CAIDA (temporarily) stewards the NLANR.NET domain, originally registered by Hans-Werner Braun, as well as eleven servers used to serve the various mail, web, application, and database services for the project, including serving the data collected by the Active Measurement Project (AMP) and Passive Measurement and Analysis (PMA) projects.
PMA Project Resource Reuse

Of 33 original passive collection sites, fourteen appear to have been decommissioned by NLANR staff prior to July 2006. CAIDA has decommissioned five sites with outdated hardware. Seven sites have sufficiently modern equipment that we hope to repurpose them for passive data collection and reporting. Of the remaining nine monitors, eight were connected to a router located at the Indianapolis Internet2 site.

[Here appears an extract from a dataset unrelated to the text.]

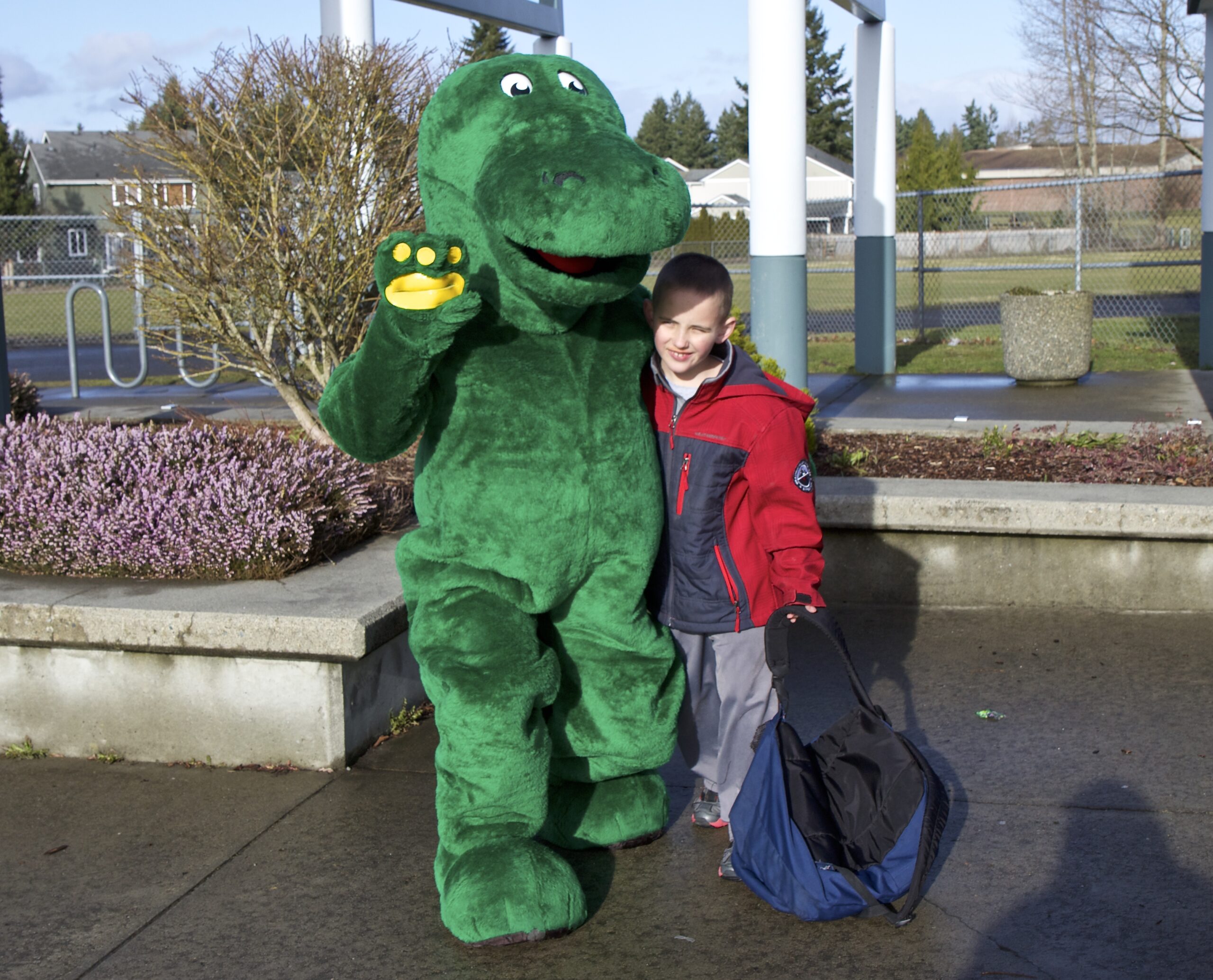 Charlie’s Dinosaur “CB” delivers books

This router is no longer part of the Internet2 infrastructure, however, the instruments are capable of measuring oc192/10Gb links so we hope to repurpose them. The final site in Los Angeles hosts the lambdaMON optical network tap, but we have yet to revive it. CAIDA is still working with sites with viable hardware to get acceptable use policies in place to continue to conduct measurement experiments.
AMP Project Resource Reuse

Of over 150 original active collection sites, approximately 30 have hardware that CAIDA may be able to reuse for its Macroscopic Topology Measurements Project, specifically in the Archipelago infrastructure. We have carefully decommissioned other hosts previously associated with the extensive AMP mesh. To date, CAIDA has directly decommissioned over 100 hosts, and continues to work with sites on another 36 that are not reachable and/or we plan to physically remove from service.

Major Milestones

July 24, 2006, CAIDA ceased data collection at the PMA sites.
On approximately August 31, 2006, CAIDA ceased data collection on most of the AMP mesh. (It took several days to track down and disable all of the boxes).
The PRAGMA project made use of a subset of nodes we left operational for a demonstration presented in October 2006.

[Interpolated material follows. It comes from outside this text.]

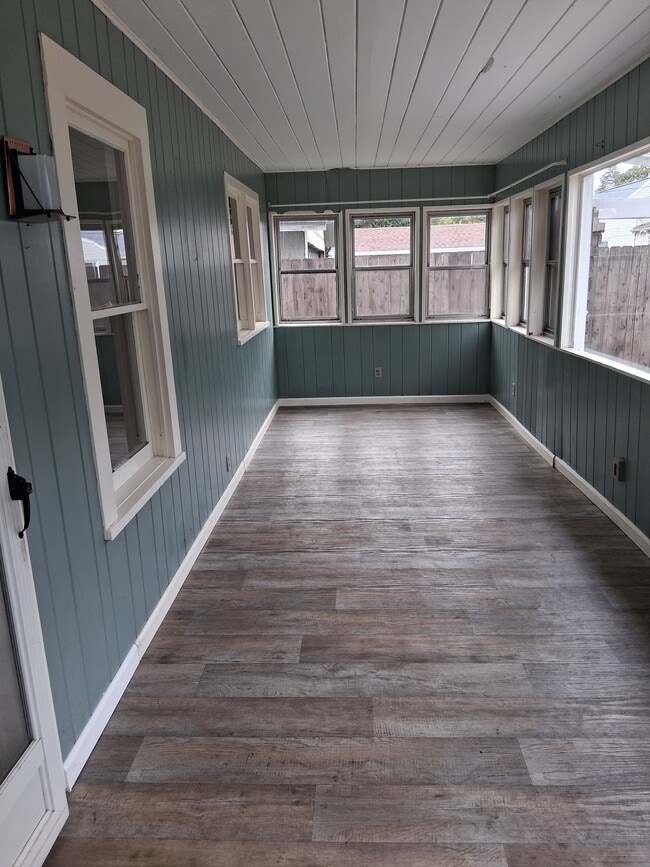 Enclosed porch at front entrance - 51 McEwen Rd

Further Requests for Information

CAIDA will happily provide more specific details regarding the status of any of the NLANR sites and data. If sites have questions or comments on these changes, or input regarding future measurement experiments, please send the queries to nlanr-info at caida dot org.

Tools

CAIDA's mission includes providing access to tools for Internet data collection, analysis and visualization to facilitate network measurement and management.

2006 Tool Development

CoralReef

The CoralReef Software suite, developed by CAIDA, provides a comprehensive software solution for data collect and analysis from passive Internet traffic monitors, in real time or from trace files. Real-time monitoring support includes system network interfaces (via libpcap), FreeBSD drivers for a number network capture cards, including the popular Endace DAG (OC3 and OC12, POS and ATM) cards. The package also includes programming APIs for C and perl, and applications for capture, analysis, and web report generation. This package is maintained by CAIDA developers with the support and collaboration of the Internet measurement community.

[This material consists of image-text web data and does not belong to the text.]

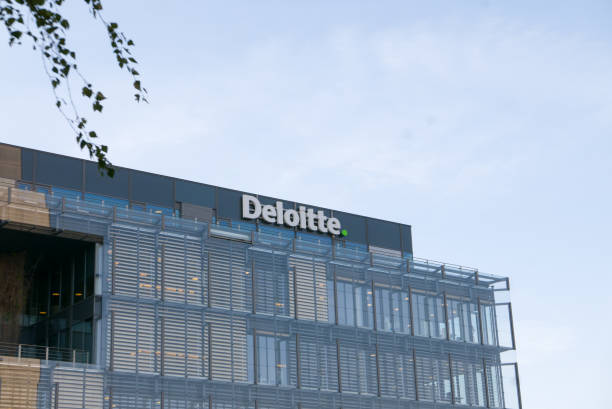 Deloitte hedquarters, modern building with the corporate logo stock photo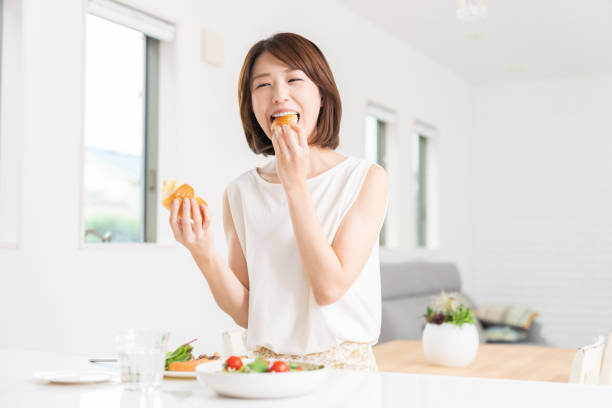 istock attractive asian woman who eats 1353913791
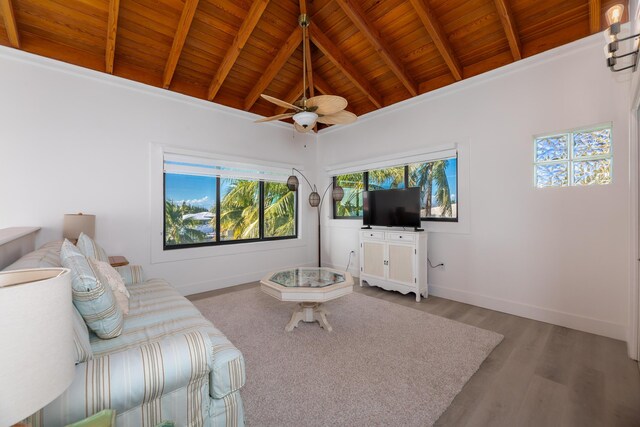 living room with baseboards, a ceiling fan, wooden ceiling, wood finished floors, and vaulted ceiling with beams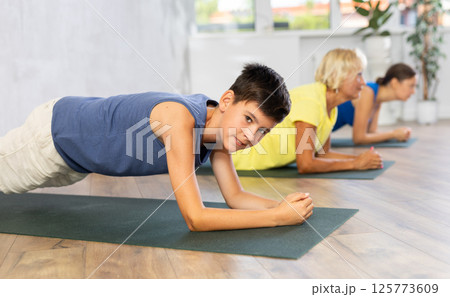 Preteen boy practicing plank pose of yoga in light fitness room 125773609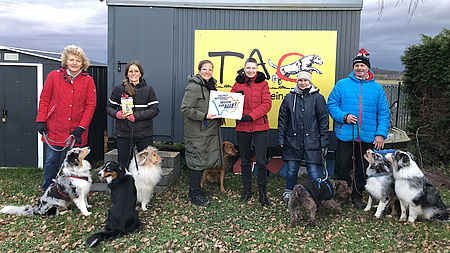 Sechs Menschen mit Hunden stehen vor einem Bauwagen in winterlicher Kulisse.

In 2006, CAIDA continued to develop CoralReef Software adding capabilities to collect realtime flow data on high speed (OC48, OC192/10GigE) links. New routines allow the software to adapt the sampling rate to the traffic mix thus providing provably accurate sampled flows while staying within fixed memory and reporting budget for all possible traffic mixes. Our approach is described in papers "Building a Better NetFlow" and "A Robust System for Accurate Real-time Summaries of Internet Traffic".

We also updated and improved a realtime traffic report generator that allows dynamic selection of displayed reports. We expect to release CoralReef version 3.8 in summer 2007.

Cuttlefish

Cuttlefish produces animated GIFs that reveal the interplay between the diurnal and geographical patterns of displayed data. By showing how the Sun's shadow covers the world map, cuttlefish yields a direct feeling for the time of day at a given geographic region, while moving graphs illustrate the relationship between local time and the visualized events. We released Cuttlefish early in 2006.

CAIDA acknowledges WIDE for their generous support of cuttlefish development.

This visualization depicts the traffic volume to and from residential broadband customers of a major Japanese ISP between 7:00 am May 4th and 7:00 am May 5th 2005 UTC. Please refer to the Cuttlefish home page for more information about this visualization.

(Click the image for a larger version.)

See the Cuttlefish home page for more information, Cuttlefish examples or to download the software.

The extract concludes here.